DATASET EXTRACT below:
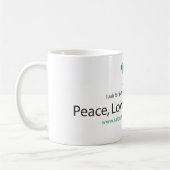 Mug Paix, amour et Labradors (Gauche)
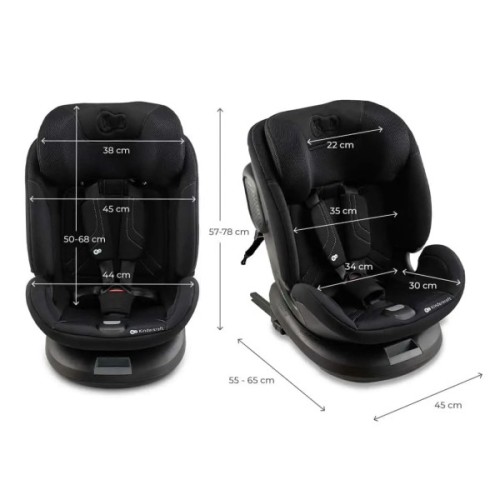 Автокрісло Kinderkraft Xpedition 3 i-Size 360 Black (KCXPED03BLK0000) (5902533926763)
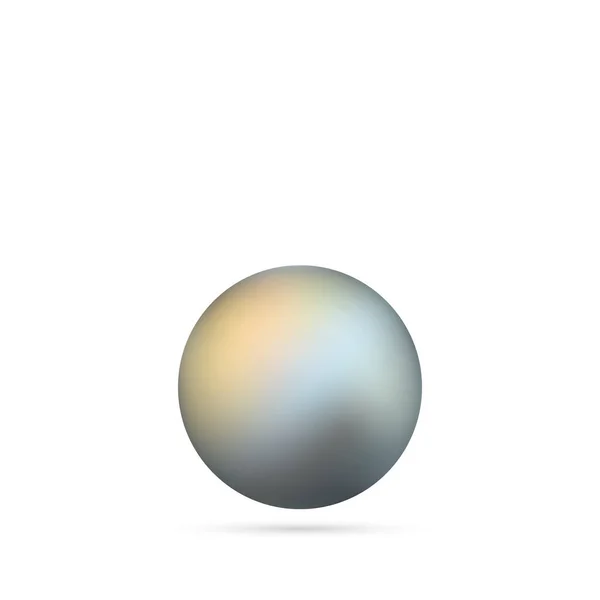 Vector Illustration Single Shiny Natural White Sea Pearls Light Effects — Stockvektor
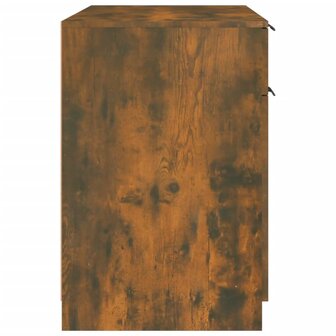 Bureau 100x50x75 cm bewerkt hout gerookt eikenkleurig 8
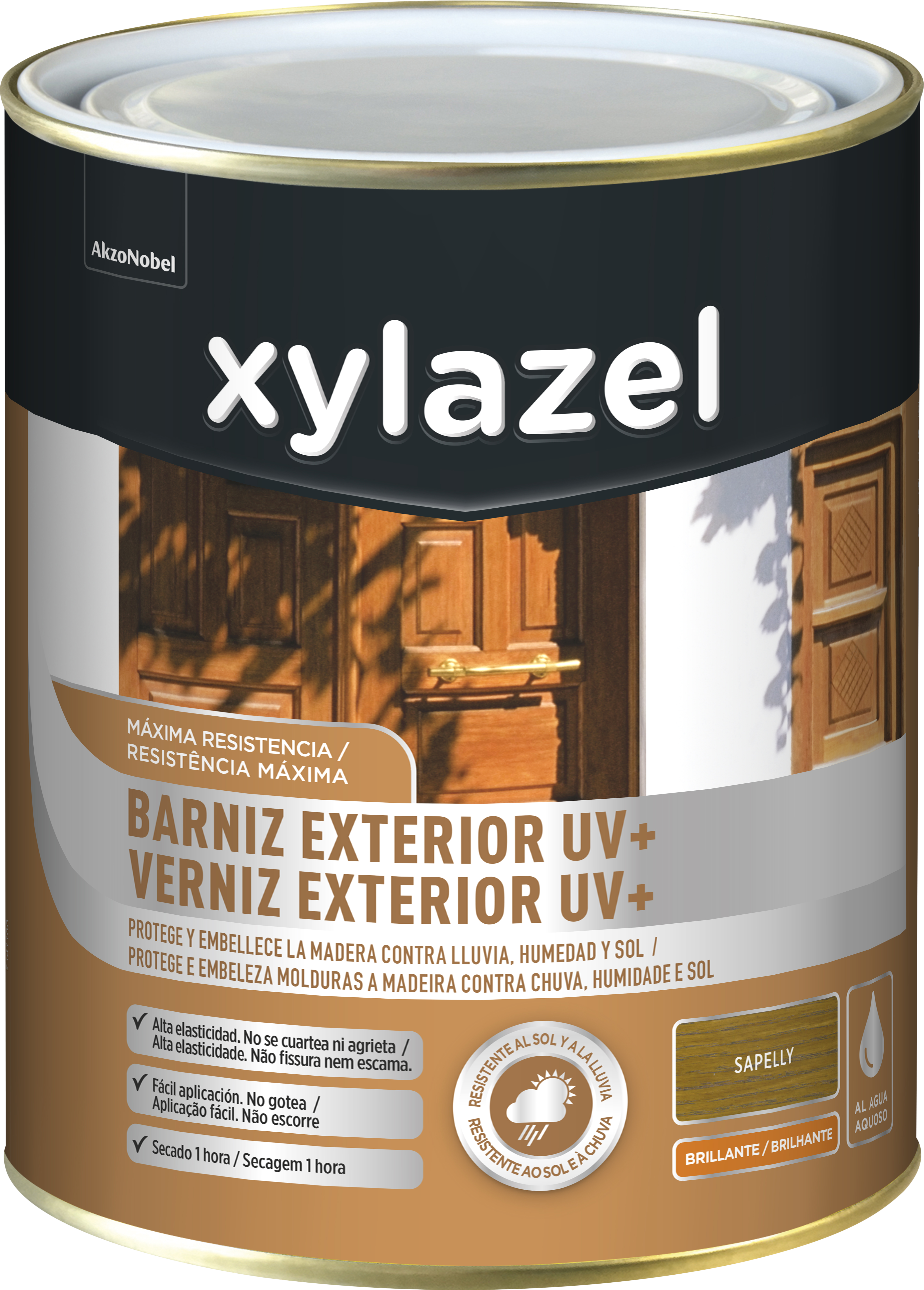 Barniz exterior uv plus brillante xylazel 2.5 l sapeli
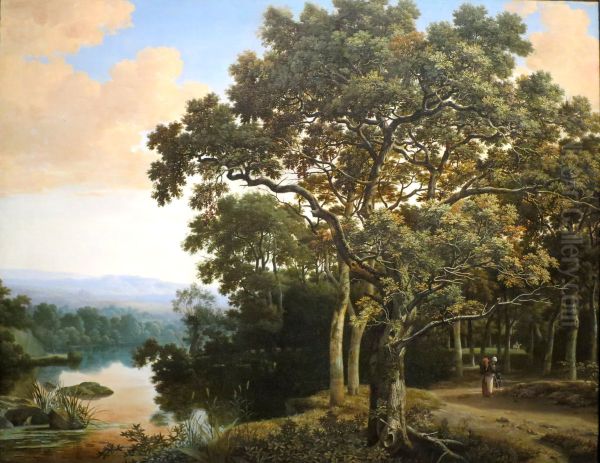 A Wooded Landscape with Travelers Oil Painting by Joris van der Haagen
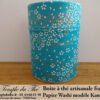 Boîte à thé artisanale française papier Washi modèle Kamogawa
End of DATASET EXTRACT.
> [EXERCISE OBJECTIVE]:
Starting at the line that holds "A Wooded Landscape", copy each line exactly through the end of the material above, keeping both ends and dropping the pictures.

> [EXERCISE ANSWER]:
 A Wooded Landscape with Travelers Oil Painting by Joris van der Haagen
 Boîte à thé artisanale française papier Washi modèle Kamogawa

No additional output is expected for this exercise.